1993 American political thriller

The November Men is a 1993 political thriller film directed by Paul Williams, starring James Andronica, who also wrote the screenplay. Williams (credited as P. W. Williams) also had an acting role in the film.

==Premise==
The story concerns a documentary filmmaker Duggo (Andronica) who makes the observation that the only successful assassinations of politicians are the work of right-wing radicals, and sets out to fake an attempt on the life of the newly-elected George Bush.

==Production==
The film employs real-life documentary footage made by the crew of The November Men, and the introduction to the film states:
"The elected officials who appear in this movie were not aware of the filming and its eventual use here.

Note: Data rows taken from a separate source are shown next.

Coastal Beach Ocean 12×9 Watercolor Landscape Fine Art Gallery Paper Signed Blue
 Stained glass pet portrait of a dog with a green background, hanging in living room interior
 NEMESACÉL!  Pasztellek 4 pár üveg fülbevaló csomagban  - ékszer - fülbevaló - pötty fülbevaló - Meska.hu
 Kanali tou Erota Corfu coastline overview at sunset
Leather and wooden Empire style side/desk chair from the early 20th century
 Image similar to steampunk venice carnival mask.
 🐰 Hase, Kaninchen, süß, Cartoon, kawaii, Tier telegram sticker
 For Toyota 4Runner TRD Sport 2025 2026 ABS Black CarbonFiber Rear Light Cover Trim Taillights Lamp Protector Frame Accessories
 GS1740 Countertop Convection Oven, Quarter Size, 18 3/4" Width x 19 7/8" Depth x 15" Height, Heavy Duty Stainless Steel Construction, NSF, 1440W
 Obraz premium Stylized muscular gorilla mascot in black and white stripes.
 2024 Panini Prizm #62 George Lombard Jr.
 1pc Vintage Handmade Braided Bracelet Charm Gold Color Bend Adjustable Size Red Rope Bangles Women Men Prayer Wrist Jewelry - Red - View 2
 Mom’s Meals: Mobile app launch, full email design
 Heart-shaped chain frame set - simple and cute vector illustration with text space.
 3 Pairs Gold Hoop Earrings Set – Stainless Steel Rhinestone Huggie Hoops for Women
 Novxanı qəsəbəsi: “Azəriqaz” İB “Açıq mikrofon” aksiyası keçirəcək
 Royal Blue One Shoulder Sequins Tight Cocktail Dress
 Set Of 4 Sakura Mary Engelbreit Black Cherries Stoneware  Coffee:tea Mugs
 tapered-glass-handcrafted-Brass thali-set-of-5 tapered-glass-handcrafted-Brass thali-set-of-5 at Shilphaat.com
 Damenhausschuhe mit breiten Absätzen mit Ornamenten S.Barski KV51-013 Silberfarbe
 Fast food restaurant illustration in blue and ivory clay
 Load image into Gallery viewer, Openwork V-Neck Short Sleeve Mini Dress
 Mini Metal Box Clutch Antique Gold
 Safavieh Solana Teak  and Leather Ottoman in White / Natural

All cinematography took place in strict compliance with the Laws and The Constitution of the United States of America, as they have stood since the Election Year of 1992."

==Cast==
The cast
- James Andronica as Duggo
- Leslie Bevis as (camerawoman) Elizabeth
- Beau Starr as Chief Agent Granger
- Paul P. W. Williams as Arthur
- Coralissa Gines as Lorina
- Rod Ellis as Agent Clancy
also
- Robert Davi
- Lexie Shine

==Reviews==
Time Out said the "multi-layered, twisting denouement supports Lyndon Johnson's belief that there's no need to worry about the left, they'll never pick up a gun - 'It's the right you have to worry about; [if] they don't get what they want, they'll blow [your] fucking head off.'"

==Home media==
A DVD of the film, titled Double Exposure, was released in Australia by Flashback Entertainment. The DVD case credits Oliver Stone with the comment "Brilliant Filmmaking". The plot outline on the rear of the case states "It began with a simple idea by radical film-maker Arthur Gwenlyn. But how far does a film-maker go to make his film believable?"